- The problem: Every line from the one with "اتاق راحتی سه تخته, Hôtel L Oustaou" to the end of the listing, and nothing else, is to be printed exactly; please leave the pictures out.

☆ ☆ ☆ ☆ ☆

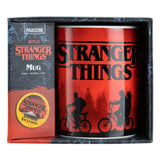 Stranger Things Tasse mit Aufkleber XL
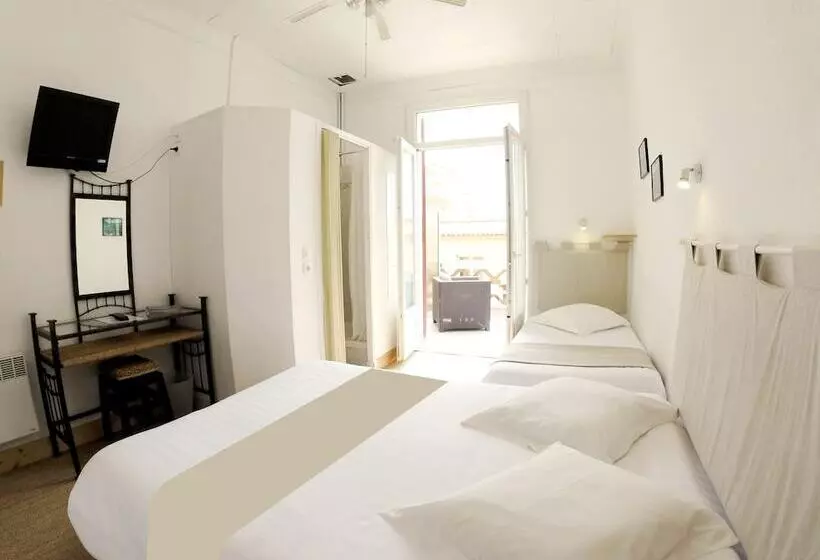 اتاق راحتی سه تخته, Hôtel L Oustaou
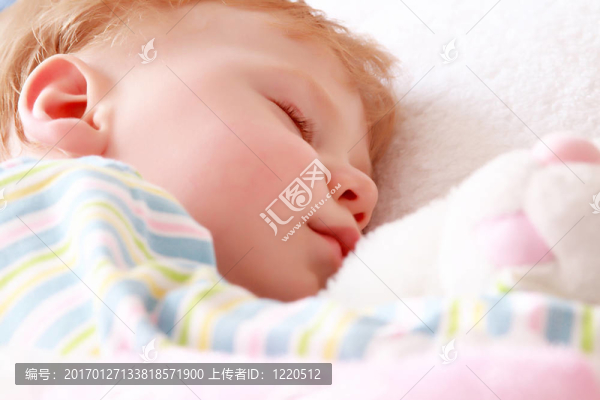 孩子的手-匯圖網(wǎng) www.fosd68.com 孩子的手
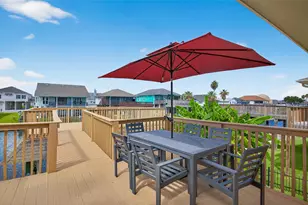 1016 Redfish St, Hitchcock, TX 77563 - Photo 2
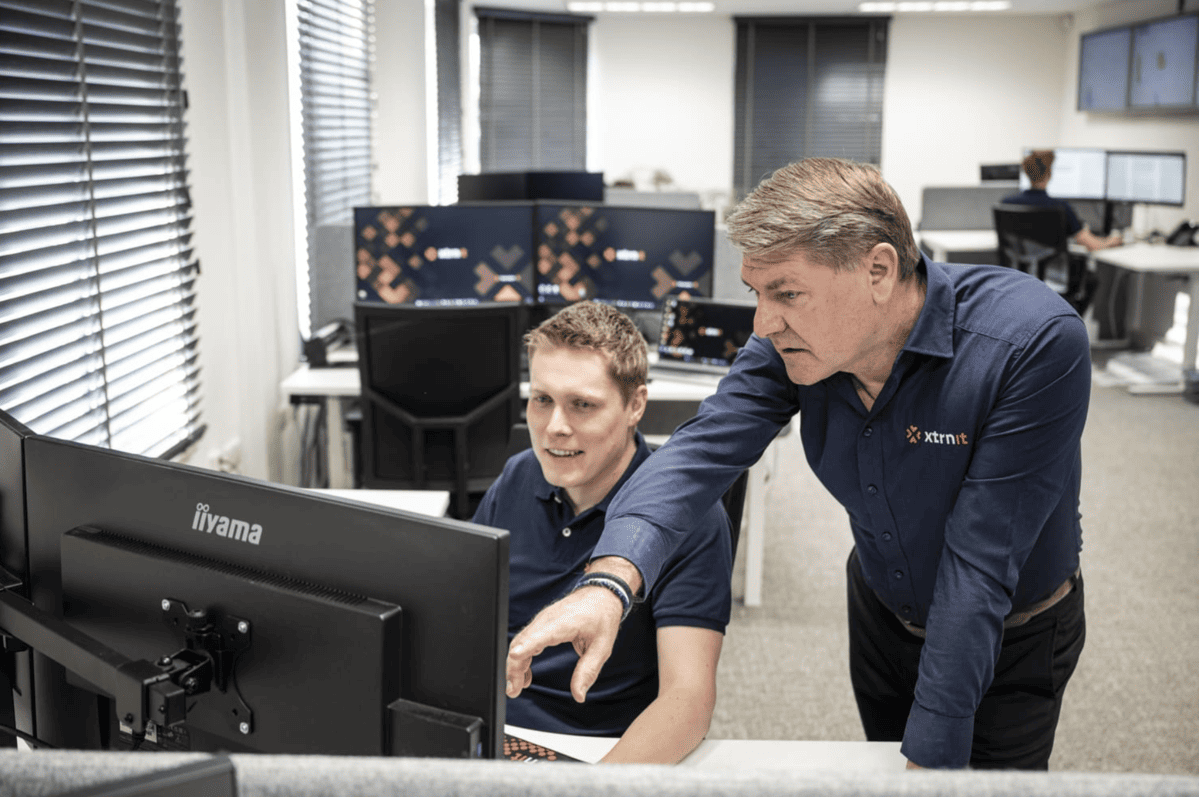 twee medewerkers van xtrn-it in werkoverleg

☆ ☆ ☆ ☆ ☆

- Expected output:
 اتاق راحتی سه تخته, Hôtel L Oustaou
 孩子的手-匯圖網(wǎng) www.fosd68.com 孩子的手
 1016 Redfish St, Hitchcock, TX 77563 - Photo 2
 twee medewerkers van xtrn-it in werkoverleg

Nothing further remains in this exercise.